The younger Deol isn't the only victim of this piece of cinema's many sins. There is a whole cast of unlikable, one-dimensional and meme-worthy characters we have to get around to. We have the brother-sister duo of Suraj (Saqib Saleem) and Sanjana (Daisy Shah) who want to eliminate Sikandar (while doling out incredibly poorly written lines) in an effort to take over the latter's share of the family fortune. They attempt to achieve this by enlisting the help of con-woman / pole dancer / seductress / truck driver (and also an undercover Interpol agent) Jessica. You'd expect a multi-talented woman like that to be played by an actress with the breadth and range to encompass the full physical and emotional spectrum that... wait... the character is played by Jacqueline Fernandez because, in a Bhai film, no one upstages Bhai.
The sentiment of nothing and no one upstaging Bhai is engrained in the movie to such a degree that the iconic Allah Duhai Hai that underscores every Race film is neutered with uninspired rap lyrics and a beat that takes away its oomph. While this would be bad enough all by itself, your eardrums are subject to two, count 'em, TWO songs that were written by Bhai himself. Eat your heart out Amitabh Bhattacharya, your lyrics have nothing on gems such as "I found love when I ran into you" and "Ek baar selfish ho ke, apne liye jiyo na". Is this film actively trying to troll its audience with that lyric? They made a song about the fact that they get to go on an all-expense paid vacation to the Middle East while putting no effort into making an entertaining film. That might be the most egregious part of this poorly scored and atrociously sound-edited film if it weren't for one other scene.

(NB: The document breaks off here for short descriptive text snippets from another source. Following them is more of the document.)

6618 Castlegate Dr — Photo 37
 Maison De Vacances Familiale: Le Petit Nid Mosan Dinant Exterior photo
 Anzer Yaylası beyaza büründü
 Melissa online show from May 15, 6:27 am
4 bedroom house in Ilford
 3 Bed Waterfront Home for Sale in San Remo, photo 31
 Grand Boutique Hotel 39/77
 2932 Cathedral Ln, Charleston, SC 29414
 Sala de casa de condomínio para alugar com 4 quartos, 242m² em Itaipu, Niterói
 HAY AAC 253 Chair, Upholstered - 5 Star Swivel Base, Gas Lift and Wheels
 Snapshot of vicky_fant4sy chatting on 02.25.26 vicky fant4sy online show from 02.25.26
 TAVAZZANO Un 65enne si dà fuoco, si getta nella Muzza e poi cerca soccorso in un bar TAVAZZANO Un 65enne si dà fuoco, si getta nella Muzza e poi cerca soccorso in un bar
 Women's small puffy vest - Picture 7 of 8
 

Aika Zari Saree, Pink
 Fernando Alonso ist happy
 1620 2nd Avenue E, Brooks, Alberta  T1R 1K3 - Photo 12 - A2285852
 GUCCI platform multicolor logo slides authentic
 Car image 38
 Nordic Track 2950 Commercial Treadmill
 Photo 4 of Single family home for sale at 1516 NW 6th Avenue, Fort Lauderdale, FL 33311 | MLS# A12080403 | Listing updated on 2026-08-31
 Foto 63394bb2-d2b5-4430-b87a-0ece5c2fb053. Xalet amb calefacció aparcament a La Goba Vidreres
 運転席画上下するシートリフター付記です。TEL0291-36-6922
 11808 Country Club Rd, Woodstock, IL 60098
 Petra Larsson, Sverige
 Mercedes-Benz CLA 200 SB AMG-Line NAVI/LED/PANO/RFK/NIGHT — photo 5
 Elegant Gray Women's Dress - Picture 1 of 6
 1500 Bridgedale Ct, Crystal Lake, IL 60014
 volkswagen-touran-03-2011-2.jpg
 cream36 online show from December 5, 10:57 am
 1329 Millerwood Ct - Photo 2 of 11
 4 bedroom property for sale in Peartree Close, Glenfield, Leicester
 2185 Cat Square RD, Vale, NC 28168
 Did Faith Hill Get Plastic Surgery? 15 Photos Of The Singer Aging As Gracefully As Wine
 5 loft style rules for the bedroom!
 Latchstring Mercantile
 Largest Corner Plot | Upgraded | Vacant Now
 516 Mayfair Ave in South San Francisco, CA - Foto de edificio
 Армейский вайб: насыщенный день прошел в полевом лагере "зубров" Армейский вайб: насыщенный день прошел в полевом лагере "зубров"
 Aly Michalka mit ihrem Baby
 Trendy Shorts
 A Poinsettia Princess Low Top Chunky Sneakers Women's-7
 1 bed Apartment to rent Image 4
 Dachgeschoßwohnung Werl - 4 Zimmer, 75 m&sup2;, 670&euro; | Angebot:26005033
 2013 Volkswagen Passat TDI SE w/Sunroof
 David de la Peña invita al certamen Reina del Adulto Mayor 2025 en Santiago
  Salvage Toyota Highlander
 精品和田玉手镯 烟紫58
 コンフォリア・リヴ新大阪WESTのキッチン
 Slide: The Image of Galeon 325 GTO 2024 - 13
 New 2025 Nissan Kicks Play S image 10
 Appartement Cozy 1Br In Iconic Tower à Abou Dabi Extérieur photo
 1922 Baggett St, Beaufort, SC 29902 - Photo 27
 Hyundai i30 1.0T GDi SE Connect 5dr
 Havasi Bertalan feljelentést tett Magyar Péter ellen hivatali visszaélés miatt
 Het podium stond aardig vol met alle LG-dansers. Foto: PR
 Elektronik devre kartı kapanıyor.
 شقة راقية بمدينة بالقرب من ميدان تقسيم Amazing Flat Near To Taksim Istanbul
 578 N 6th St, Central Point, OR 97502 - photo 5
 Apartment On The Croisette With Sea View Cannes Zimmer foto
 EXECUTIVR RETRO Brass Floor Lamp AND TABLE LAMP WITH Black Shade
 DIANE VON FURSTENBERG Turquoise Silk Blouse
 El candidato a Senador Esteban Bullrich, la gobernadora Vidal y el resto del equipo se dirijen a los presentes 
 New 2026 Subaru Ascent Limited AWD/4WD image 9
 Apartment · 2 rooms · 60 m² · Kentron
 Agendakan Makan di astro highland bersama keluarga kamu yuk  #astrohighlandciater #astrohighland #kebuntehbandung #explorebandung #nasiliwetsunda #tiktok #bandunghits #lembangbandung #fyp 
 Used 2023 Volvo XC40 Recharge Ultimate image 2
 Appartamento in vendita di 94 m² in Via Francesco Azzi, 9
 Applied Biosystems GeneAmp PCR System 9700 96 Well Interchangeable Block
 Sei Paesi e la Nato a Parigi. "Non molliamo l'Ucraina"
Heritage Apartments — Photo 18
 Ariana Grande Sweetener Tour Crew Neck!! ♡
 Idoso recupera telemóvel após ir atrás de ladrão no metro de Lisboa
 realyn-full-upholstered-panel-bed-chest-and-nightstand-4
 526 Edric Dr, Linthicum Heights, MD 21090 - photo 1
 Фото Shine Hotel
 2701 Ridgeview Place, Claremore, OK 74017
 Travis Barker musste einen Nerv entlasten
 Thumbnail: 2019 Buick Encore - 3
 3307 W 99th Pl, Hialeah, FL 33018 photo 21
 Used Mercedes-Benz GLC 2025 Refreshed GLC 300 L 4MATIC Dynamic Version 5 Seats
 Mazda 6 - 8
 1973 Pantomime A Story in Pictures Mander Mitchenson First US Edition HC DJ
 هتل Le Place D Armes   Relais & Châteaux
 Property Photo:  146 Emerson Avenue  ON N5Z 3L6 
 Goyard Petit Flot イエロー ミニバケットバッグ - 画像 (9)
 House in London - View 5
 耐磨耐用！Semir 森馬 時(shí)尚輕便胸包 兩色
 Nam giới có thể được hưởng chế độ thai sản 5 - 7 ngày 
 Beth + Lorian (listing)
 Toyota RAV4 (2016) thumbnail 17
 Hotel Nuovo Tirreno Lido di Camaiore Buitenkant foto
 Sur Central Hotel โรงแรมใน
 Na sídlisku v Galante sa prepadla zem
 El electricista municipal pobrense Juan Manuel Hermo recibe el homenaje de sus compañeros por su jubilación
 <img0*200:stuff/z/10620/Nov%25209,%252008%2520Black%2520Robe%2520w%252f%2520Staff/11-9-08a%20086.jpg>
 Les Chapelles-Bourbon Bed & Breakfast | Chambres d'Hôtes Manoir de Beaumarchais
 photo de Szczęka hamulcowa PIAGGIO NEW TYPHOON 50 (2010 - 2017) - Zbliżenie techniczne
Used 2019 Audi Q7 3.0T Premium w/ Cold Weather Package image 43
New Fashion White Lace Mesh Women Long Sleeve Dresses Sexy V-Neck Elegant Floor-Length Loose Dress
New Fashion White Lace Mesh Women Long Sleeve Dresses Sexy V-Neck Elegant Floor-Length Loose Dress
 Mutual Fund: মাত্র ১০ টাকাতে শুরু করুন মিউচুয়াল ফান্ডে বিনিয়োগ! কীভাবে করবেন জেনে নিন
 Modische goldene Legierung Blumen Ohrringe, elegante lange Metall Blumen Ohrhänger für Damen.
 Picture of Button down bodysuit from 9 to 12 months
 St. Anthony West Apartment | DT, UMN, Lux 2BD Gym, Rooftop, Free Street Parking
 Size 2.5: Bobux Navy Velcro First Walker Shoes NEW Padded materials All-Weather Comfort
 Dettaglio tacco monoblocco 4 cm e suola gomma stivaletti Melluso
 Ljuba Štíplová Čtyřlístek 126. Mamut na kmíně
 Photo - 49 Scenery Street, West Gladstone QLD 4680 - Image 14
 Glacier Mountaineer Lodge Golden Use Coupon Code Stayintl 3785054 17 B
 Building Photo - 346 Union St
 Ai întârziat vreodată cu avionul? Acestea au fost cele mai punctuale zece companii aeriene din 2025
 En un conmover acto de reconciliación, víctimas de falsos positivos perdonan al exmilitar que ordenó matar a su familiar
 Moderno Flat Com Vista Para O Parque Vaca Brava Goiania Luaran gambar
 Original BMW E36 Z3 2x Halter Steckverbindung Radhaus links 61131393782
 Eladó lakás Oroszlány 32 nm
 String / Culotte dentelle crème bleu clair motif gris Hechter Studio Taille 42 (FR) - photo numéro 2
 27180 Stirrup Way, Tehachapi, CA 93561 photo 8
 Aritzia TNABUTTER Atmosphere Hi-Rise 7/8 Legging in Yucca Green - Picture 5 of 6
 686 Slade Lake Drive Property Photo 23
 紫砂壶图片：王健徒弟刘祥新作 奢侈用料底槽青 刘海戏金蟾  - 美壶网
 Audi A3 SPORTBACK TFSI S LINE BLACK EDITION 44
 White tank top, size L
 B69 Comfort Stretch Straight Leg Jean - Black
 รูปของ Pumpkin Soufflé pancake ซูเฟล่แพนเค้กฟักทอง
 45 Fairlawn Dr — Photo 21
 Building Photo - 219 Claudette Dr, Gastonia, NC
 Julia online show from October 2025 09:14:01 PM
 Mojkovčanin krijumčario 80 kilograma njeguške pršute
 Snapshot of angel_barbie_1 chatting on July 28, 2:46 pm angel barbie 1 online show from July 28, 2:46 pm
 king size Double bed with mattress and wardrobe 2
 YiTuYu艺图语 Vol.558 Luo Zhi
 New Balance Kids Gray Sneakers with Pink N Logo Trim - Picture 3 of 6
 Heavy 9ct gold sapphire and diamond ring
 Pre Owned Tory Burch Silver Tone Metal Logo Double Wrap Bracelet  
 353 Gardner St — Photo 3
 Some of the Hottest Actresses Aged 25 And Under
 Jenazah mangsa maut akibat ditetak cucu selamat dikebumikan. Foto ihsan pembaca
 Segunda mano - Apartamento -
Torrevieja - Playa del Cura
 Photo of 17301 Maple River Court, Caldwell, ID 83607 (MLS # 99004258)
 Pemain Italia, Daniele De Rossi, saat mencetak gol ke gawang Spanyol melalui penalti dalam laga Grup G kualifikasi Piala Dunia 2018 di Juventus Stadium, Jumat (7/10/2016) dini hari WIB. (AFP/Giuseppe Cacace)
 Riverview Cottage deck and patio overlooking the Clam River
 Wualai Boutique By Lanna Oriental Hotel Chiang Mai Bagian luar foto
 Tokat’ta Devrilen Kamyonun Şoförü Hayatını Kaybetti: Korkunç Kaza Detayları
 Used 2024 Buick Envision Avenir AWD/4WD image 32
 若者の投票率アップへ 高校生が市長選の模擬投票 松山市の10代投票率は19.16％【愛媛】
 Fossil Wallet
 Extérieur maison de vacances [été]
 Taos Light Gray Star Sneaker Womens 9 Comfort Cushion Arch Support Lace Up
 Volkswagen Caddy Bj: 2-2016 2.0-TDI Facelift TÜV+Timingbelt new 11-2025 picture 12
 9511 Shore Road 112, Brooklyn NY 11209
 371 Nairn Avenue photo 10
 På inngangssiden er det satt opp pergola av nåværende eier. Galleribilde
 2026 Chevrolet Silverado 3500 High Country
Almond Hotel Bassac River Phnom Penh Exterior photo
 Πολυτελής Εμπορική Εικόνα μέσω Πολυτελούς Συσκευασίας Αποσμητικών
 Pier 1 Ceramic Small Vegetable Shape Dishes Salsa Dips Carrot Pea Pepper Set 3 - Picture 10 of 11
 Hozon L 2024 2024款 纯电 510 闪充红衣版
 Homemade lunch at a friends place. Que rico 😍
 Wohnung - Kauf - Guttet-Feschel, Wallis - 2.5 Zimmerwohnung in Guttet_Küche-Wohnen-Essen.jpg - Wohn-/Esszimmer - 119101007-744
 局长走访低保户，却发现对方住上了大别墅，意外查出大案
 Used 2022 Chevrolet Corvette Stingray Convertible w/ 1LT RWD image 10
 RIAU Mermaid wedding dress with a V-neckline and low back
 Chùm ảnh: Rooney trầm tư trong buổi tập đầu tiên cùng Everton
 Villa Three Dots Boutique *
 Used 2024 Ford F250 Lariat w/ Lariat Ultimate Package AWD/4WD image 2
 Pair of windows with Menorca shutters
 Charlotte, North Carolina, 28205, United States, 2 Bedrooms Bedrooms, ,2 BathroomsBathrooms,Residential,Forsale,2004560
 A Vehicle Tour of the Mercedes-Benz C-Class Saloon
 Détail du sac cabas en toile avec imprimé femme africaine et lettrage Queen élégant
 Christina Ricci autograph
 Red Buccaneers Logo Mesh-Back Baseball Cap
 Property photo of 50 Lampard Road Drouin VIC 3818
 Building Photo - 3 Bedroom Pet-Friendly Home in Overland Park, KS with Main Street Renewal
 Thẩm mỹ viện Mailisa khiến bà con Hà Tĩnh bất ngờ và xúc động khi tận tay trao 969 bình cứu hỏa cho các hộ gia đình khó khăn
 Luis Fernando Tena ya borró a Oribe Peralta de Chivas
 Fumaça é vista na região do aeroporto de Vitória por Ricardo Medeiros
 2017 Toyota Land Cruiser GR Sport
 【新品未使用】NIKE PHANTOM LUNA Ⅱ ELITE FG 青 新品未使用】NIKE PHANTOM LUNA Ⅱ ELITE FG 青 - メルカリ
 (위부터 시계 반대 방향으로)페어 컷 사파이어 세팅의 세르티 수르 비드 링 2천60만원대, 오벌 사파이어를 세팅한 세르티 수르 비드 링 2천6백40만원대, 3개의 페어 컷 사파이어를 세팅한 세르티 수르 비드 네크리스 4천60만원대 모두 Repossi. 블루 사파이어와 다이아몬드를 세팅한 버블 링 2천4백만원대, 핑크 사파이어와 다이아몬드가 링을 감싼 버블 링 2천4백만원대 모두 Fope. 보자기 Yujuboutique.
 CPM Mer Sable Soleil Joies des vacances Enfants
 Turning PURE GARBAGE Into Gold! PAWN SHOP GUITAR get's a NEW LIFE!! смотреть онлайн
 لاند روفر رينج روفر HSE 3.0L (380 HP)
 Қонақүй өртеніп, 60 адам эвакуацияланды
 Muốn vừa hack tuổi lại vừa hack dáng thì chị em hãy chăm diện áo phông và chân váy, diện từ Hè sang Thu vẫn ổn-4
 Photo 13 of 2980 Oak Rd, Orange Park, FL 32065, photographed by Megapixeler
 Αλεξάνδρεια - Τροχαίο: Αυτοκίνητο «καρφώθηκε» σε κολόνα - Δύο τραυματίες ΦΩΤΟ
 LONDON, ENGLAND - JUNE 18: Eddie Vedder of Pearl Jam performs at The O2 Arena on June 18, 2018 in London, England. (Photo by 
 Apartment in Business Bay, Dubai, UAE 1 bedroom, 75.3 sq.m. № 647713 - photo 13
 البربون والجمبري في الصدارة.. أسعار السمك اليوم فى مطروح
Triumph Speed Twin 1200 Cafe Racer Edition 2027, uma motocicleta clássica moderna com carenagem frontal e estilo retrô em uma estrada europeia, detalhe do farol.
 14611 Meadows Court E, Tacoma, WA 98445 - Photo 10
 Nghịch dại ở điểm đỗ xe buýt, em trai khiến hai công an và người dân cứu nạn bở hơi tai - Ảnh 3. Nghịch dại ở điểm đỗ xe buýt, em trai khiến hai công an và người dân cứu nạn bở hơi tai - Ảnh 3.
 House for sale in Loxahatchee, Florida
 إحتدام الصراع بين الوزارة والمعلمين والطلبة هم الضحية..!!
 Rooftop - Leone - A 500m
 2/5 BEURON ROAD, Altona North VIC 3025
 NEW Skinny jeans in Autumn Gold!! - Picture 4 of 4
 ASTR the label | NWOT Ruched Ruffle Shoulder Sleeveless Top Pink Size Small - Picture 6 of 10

The snippet in question is the item fight between Jacqueline Fernandez and Daisy Shah. The film's jaundice infected colour scheme, incorporation of ADHD editing to hide its actors' lack of combat training, eye-sore inducing special effects, and colossally wasting practical stunt-work could all be overlooked to a degree if it weren't for this fight drenched in the male gaze. This a fight scene which shows you that both actresses learnt to do splits, cartwheels, cannonballs and many such feats of acrobatic prowess. If only CM Punk knew these techniques, he wouldn't be 0-2 in the Octagon as we speak.
If there is any praise to be given where this movie is concerned, it belongs to three entities. The luxury car companies that design those sweet rides, Anil Kapoor's tailor, and you as a member of the audience that sat through this movie. Yes - not enough people thank you for your sacrifice. We do but also hope that you don't give these guys a fourth chance because another one of these turds is coming whether we want it or not.